= WORK ORDER =
Leaving the pictures aside, repeat each line below exactly.

= COLLECTED MATERIAL =
Segment Open

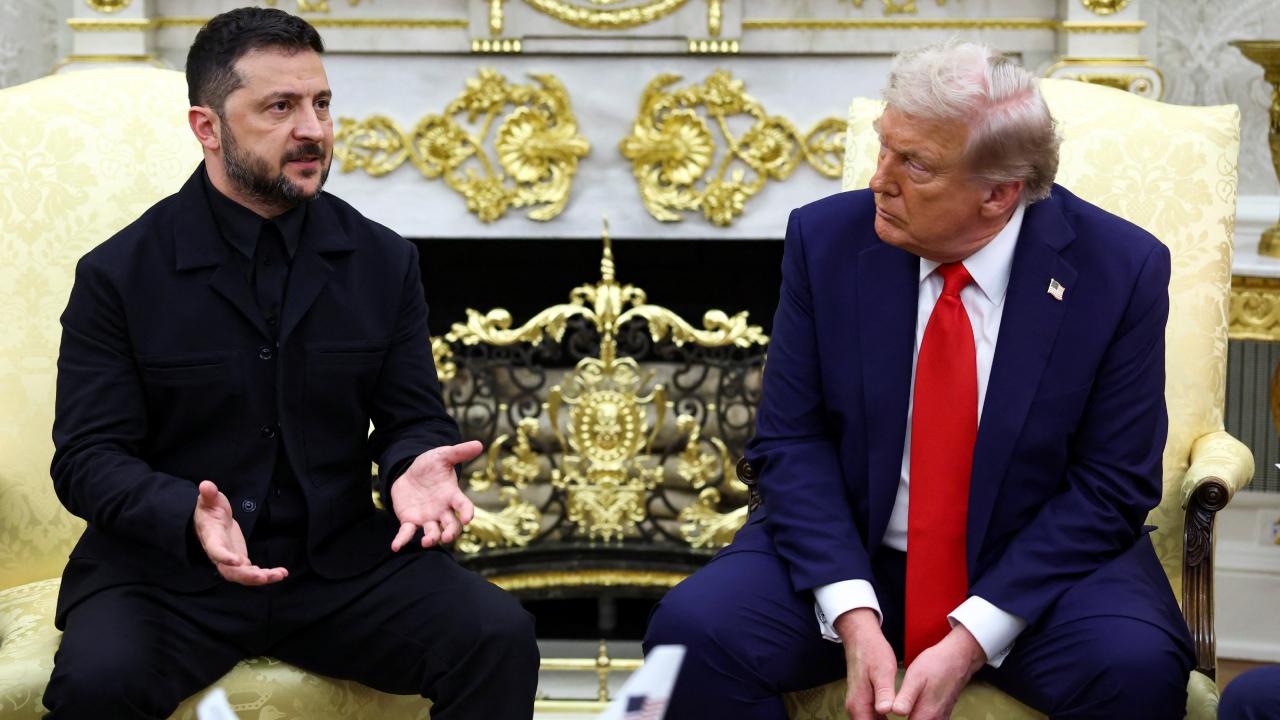 trump-zelenski-reu-2389580.jpg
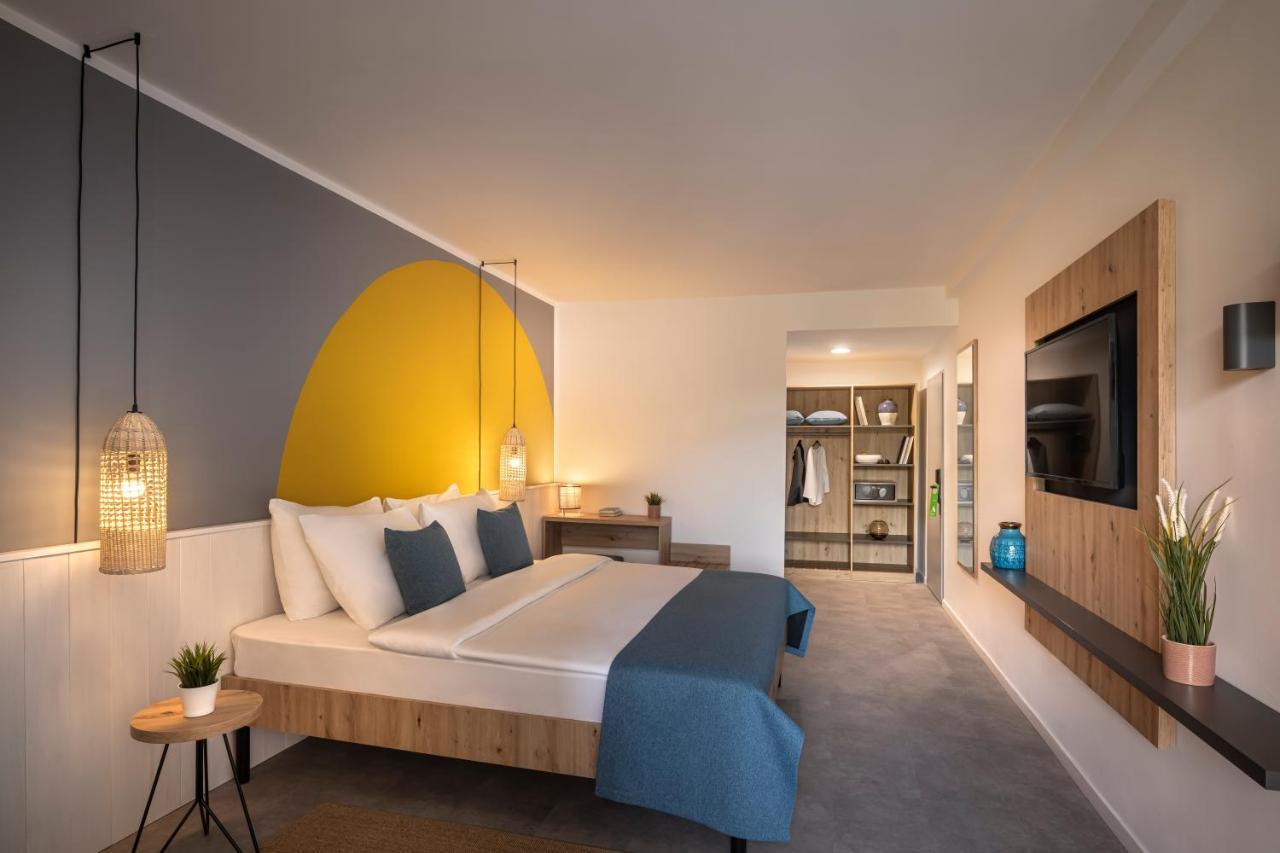 Sunny Baska Hotel By Valamar, Ex Corinthia Ngoại thất bức ảnh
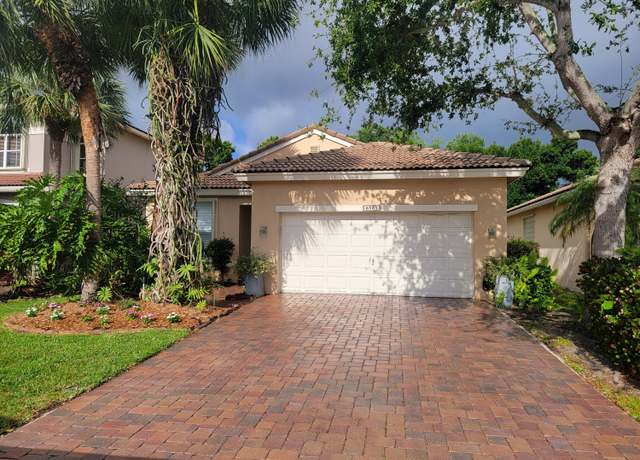 Property at 6585 Lurais Dr, Lake Worth, FL 33463, 3 beds, 2 baths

Segment Closed

= RESULT OF THIS EXERCISE =
 trump-zelenski-reu-2389580.jpg
 Sunny Baska Hotel By Valamar, Ex Corinthia Ngoại thất bức ảnh
 Property at 6585 Lurais Dr, Lake Worth, FL 33463, 3 beds, 2 baths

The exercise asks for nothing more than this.